Tipsheet

This is a Gaffe?

The chattering classes at The Washington Post and The New York Times are aghast -- aghast! -- that Sarah Palin can't name another Supreme Court decision with which she disagrees.

Puhleeze.  Neither can any normal American, i.e., one that is neither a lawyer nor a political junkie.  Once again, the MSM is showing the distance between what it considers to be the sine qua non of politics, and what normal people believe matters in an elected leader (i.e., her common sense and judgment).  My bet is that this will sway the electorate . . . not one bit.

As for Governor Palin's statement that she believes in a right to privacy but not in Roe, well, that's not logically inconsistent.   One can theoretically believe in an implied right to privacy in the Constitution for some purposes (e.g., safeguarding one's own bodily integrity, manifested in the right to purchase birth control and the like) without believing that "privacy" extends so far as to confer the right to kill another unborn human being during certain specified parts of pregnancy.  (Indeed, the Roe Court obviously believed there were limits to the application of the privacy right in the abortion context itself; otherwise, it wouldn't have outright prohibited abortion in the last three months of pregnancy).

All the MSM dismay about Governor Palin's supposed ignorance springs, in large part, from the fact that Sarah Palin is, in many way, the antithesis of their darling,  Barack Obama.  He is a man of talk, she is a woman of action.  He can reel off facts and figures with the ease of an Ivy League professor -- it's not his glibness that alarms, it's his instincts and his judgment (the kind that would find moral equivalence between Georgia and Russia, or deem Rev.
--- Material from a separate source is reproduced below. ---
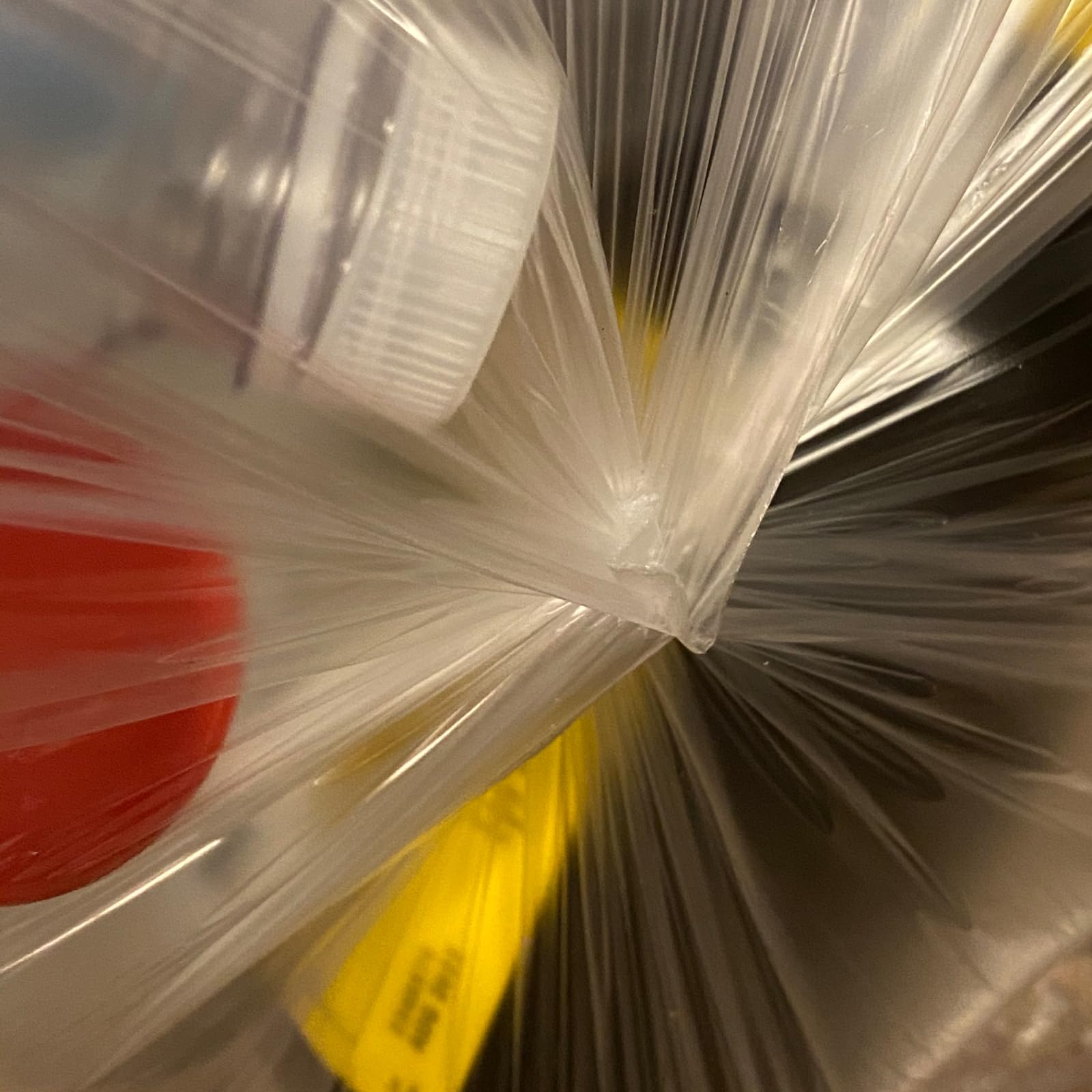 TYPLASTICS Przezroczyste wkładki do kosza na śmieci, worki na odpady - 80 cm x 102 cm - worki na śmieci o wysokiej gęstości - opakowanie 500 sztuk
Wright's virulently anti-American sermons to be A-OK). 

Given her experience as a Governor of Alaska, she isn't necessarily going to be prepared to pontificate on all matters great and small, a la Obama.  But she has good values, good instincts and solid life experience. 

William Buckley once said he'd rather be governed by the first 100 people in the Boston phone book than by the faculty of Harvard University.  Similarly, I'd feel more secure being governed by President Sarah Palin (if the unspeakable happened) than President Barack Obama.